Under the Ex parte Young doctrine, the Eleventh Amendment
does not bar a suit in federal court against state officers to
enjoin federal law violations. Ex parte Young, 209 U.S. at
159-60. A state officer who violates federal law "is stripped of
his official or representative character and is subjected in his
person to the consequences of his individual conduct. The State
has no power to impart to him any immunity from responsibility to
the supreme authority of the United States." Id. at 160.
A critical limitation on this doctrine, however, is that a
federal court may only order a state officer to perform a
ministerial act. Id. at 158 (explaining that the injunction "can
only direct affirmative action where the officer having some duty
to perform not involving discretion, but merely ministerial in its
nature, refuses or neglects to take such action").
In light of our Tenth Amendment analysis, IGRA does not
require the states to regulate Class III gaming by entering into
tribal-state compacts. Instead, the only obligation on the state
is to negotiate in good faith. The act of negotiating, however,
is the epitome of a discretionary act. How the state negotiates;
what it perceives to be its interests that must be preserved;
where, if anywhere, that it can compromise its interests -- these
all involve acts of discretion. Thus, injunctive relief against
the governors is barred under Ex parte Young. Seminole Tribe of
Florida, 11 F.3d at 1028-29 (rejecting Ex parte Young claim
against the governors of Florida and Alabama because the decision
to negotiate is discretionary, not ministerial); Accord Poarch
Band of Creek Indians v. Alabama, 784 F. Supp. 1549, 1551-52 (S.D.
Ala. 1992), aff'd, Seminole Tribe, 11 F.3d at 1028-29.
Additionally, the tribes' suits against the Governors are in
reality suits against the respective states and thus not
authorized under the doctrine of Ex parte Young. "The Eleventh
Amendment bars a suit against state officials when `the state is
the real, substantial party in interest.'" Pennhurst State School
& Hosp. v. Halderman, 465 U.S. 89, 101 (1984) (quoting Ford Motor
Co. v. Department of Treasury of Indiana, 323 U.S. 459, 464
(1945)). "The general rule is that a suit is against the
sovereign if `the judgment sought would expend itself on the
public treasury or domain, or interfere with the public
administration,' or if the effect of the judgment would be `to
restrain the Government from acting, or to compel it to act.'"
Dugan v. Rank, 372 U.S. 609, 620 (1963) (quoting Land v. Dollar,
330 U.S. 731, 738 (1947); Larson v. Domestic & Foreign Corp., 337
U.S. 682, 704 (1949)) (emphasis added). Because IGRA names only
the state as the party to negotiate with Indian tribes, an
injunction ordering a Governor to negotiate a compact would
operate against the state itself because the state is the only
party that may enter into a compact with an Indian tribe.
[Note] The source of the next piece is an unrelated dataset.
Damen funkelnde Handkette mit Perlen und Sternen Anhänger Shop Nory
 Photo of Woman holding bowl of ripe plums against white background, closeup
Pennhurst, 465 U.S. at 102 ("[A] suit against state officials that
is in fact a suit against a State is barred regardless of whether
it seeks damages or injunctive relief.").
Accordingly, we affirm the judgments in Ponca, Pueblo of
Sandia, and Mescalero Apache dismissing the tribes' suit against
the Governors of Oklahoma and New Mexico.
V. CONCLUSION
In accordance with the foregoing, we conclude that neither
the Tenth nor Eleventh Amendment bars these actions against the
States of Oklahoma, New Mexico, and Kansas, and thus the district
courts should proceed to consider these claims on the merits. We
further conclude that the claims in Ponca, Pueblo of Sandia, and
Mescalero Apache against the governors of their respective states
are inappropriate under the doctrine of Ex parte Young, and must
therefore be dismissed. Accordingly, we AFFIRM the judgment in
Kickapoo. We REVERSE IN PART and AFFIRM IN PART the judgments in
Ponca, Pueblo of Sandia, and Mescalero Apache, and REMAND for
further proceedings consistent with this opinion.